Table 11. OSA - 10 GbE - RR - 1492
Number of clients | 01 | 10 | 50 | 100 | 200 | 300 | 400 | 500 |
run ID (layer 3) | ror001 | ror010 | ror050 | ror100 | ror200 | ror300 | ror400 | ror500 |
trans/sec | 2429.0 | 14916.0 | 34774.0 | 47574.0 | 58185.0 | 64578.0 | 69523.0 | 70533.0 |
Total CPU msec/trans | 2.40 | 0.62 | 0.31 | 0.24 | 0.22 | 0.21 | 0.22 | 0.23 |
Emul CPU msec/trans | 0.76 | 0.13 | 0.05 | 0.03 | 0.03 | 0.02 | 0.02 | 0.02 |
CP CPU msec/trans | 1.65 | 0.49 | 0.26 | 0.21 | 0.20 | 0.19 | 0.20 | 0.21 |
run ID (layer 2) | ro2001 | r02010 | r02050 | r02100 | r02200 | r02300 | r02400 | r02500 |
trans/sec | 2513.0 | 14951.0 | 36000.0 | 49579.0 | 60733.0 | 67568.0 | 72512.0 | 75060.0 |
Total CPU msec/trans | 0.60 | 0.40 | 0.27 | 0.23 | 0.21 | 0.21 | 0.21 | 0.22 |
Emul CPU msec/trans | 0.25 | 0.13 | 0.06 | 0.04 | 0.03 | 0.02 | 0.02 | 0.02 |
CP CPU msec/trans | 0.38 | 0.27 | 0.21 | 0.19 | 0.19 | 0.18 | 0.19 | 0.20 |
%diff layer 3 to layer 2 | ||||||||
trans/sec | 3% | 0% | 4% | 4% | 4% | 5% | 4% | 6% |
Total CPU msec/trans | -75% | -35% | -14% | -4% | -4% | 1% | -4% | -3% |
Emul CPU msec/trans | -66% | 0% | 10% | 10% | 6% | 6% | 7% | 5% |
CP CPU msec/trans | -77% | -45% | -20% | -7% | -6% | 6% | -5% | -4% |
2084-B16; Linux SLES 8; z/VM 5.1.0; 10 GbE card with feature 3368; 1 LPAR; 8 CPUs; 3 virtual CPUs |
As workload increases, throughput is higher for Layer 2 than Layer 3 and CPU time is somewhat less. For the lighter workloads, the CPU time for Layer 2 is considerably less than for Layer 3. We plan on investigating why CPU time is so much less for this workload, as well as for the STR workload following.
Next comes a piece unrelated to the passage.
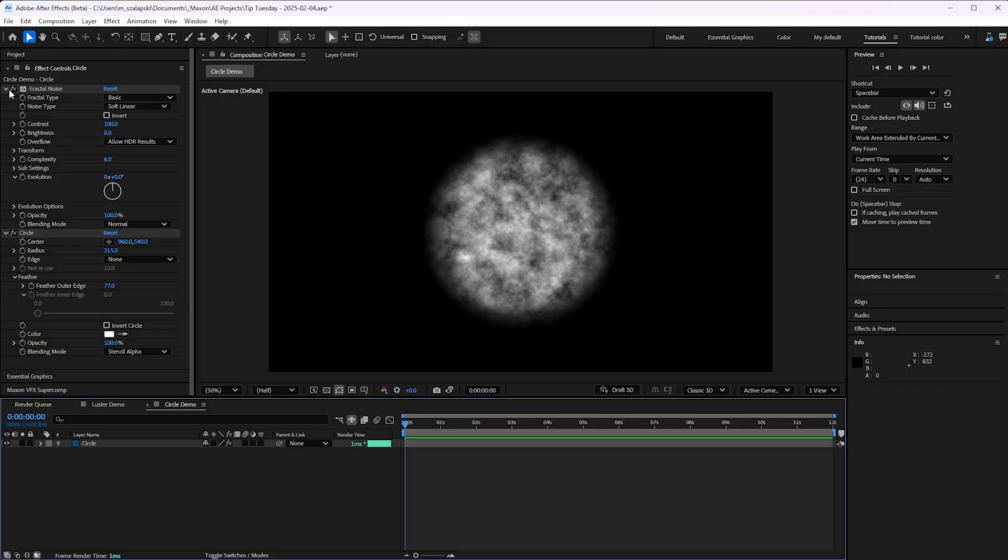Hello, this is Michael Slapsky here for a very exciting Tip Tuesday. There's a brand new workflow in After Effects that's going to change things. This has certainly changed the way I've worked.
Table 12. OSA - 10 GbE - STR - 1492
Number of clients | 01 | 08 | 16 | 32 |
run ID (layer 3) | sor001 | sor010 | sor016 | sor032 |
MB/sec | 72.0 | 145.0 | 144.0 | 136.0 |
Total CPU msec/MB | 88.89 | 45.24 | 49.44 | 55.88 |
Emul CPU msec/MB | 14.44 | 7.17 | 7.78 | 8.82 |
CP CPU msec/MB | 74.44 | 37.52 | 41.67 | 47.06 |
run ID (layer 2) | so2001 | s02008 | s02016 | s02032 |
MB/sec | 74.0 | 157.0 | 156.0 | 149.0 |
Total CPU msec/MB | 55.14 | 45.86 | 46.67 | 52.08 |
Emul CPU msec/MB | 16.22 | 7.64 | 7.69 | 8.05 |
CP CPU msec/MB | 40.00 | 38.22 | 38.97 | 44.03 |
%diff layer 3 to layer 2 | ||||
MB/sec | 3% | 8% | 8% | 10% |
Total CPU msec/MB | -38% | 1% | -6% | -7% |
Emul CPU msec/MB | 12% | 7% | -1% | -9% |
CP CPU msec/MB | -46% | 2% | -6% | -6% |
2084-B16; Linux SLES 8; z/VM 5.1.0; 10 GbE card with feature 3368; 1 LPAR; 8 CPUs; 3 virtual CPUs |
The same trend seen for this card and the RR workload is true for streaming, with throughput being higher for Layer 2, heavy workloads showing somewhat less CPU time and lighter workloads showing significantly less CPU time.